I am increasing the amount I print and at the moment I am getting a print company to do the printing for me if I need more than 20 copies but would like to be able to do it myself, I only have a basic printer so I don't think there is a meter on it.  I print solid colour onto semi glossy paper, the amount of ink used varies.  I know that some companies offer contracts where you pay per page, regardless of the amount of ink used but I'm not sure I want to enter into a contract.


----------



## allthedoyles (8 Sep 2009)

I buy my colour laser cartridges from amazon.co.uk - they are cheapest  and buy my imaging drum reset chip here .:>

[broken link removed]


----------



## shopgirl (8 Sep 2009)

I'm getting more confused by the minute - what is an imaging drum re-set chip please!


----------



## allthedoyles (8 Sep 2009)

Well my Colour laser printer has four cartridges , also known as CYMK ( cyan - yellow - magenta - and black )
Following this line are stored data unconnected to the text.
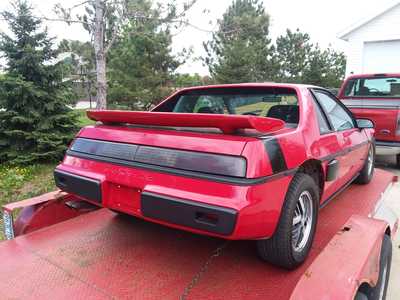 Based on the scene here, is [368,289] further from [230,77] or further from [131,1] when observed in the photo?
[230,77]

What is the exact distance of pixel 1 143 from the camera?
19.9 ft

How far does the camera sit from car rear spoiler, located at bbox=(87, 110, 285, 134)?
179 centimetres

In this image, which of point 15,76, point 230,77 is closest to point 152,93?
point 15,76

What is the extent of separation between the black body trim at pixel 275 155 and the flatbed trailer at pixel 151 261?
501 mm

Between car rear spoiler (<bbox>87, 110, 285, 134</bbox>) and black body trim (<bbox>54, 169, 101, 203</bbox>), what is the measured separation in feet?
1.56

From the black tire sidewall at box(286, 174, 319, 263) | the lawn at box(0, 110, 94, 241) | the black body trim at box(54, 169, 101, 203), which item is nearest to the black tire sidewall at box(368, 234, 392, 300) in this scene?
the black tire sidewall at box(286, 174, 319, 263)

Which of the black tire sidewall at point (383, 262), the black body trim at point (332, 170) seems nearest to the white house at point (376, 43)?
the black body trim at point (332, 170)

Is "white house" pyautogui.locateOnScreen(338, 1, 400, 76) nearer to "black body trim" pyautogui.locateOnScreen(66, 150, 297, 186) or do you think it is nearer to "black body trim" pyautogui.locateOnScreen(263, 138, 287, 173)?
"black body trim" pyautogui.locateOnScreen(263, 138, 287, 173)

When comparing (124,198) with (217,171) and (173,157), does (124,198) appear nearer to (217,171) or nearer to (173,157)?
(173,157)

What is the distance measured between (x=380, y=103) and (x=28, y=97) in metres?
6.80

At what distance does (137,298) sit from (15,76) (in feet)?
19.1

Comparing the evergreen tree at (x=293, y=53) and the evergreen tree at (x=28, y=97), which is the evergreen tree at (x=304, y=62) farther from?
the evergreen tree at (x=28, y=97)

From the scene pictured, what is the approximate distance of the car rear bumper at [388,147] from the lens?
6059 mm

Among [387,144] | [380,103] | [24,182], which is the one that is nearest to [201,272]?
[24,182]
It also has an imaging drum .

The imaging drum reads each page you put through the printer . However , if you only print 1/3 of a page , it will be read as a full page .

So you will get a message to say that your imaging drum is empty after a certain number of pages - say 5,000 )  even though it is not empty.

So by buying a reset chip on eBay , I can continue to use the imaging drum for a long long time extra .

BTW , an imaging drum for my HP cost around € 180 and a reset chip cost about € 15 

I hope this makes sense .


----------



## shopgirl (8 Sep 2009)

Thanks for the info, very helpful.


----------



## mathepac (8 Sep 2009)

He uses a colour laser with a specified duty-cycle for the imaging-drum which needs a new micro-chip to reset the page-count if the print quality is still acceptable - lasers often need consumables other than ink replaced.


----------



## emaol (9 Sep 2009)

paddy26 said:


> If I could get one with a fax that would solve another problem!



Search online for free fax from your pc software, you might get some savings there.


----------



## neilm (16 Oct 2009)

gm88 said:


> I bought one too!  It's wireless, and it prints, scans & copies as well as photos.  I bought it for €79 in PC World, but see it's €71.99 in argos.




What the hell, its 230euro now?? Is that the right link?


----------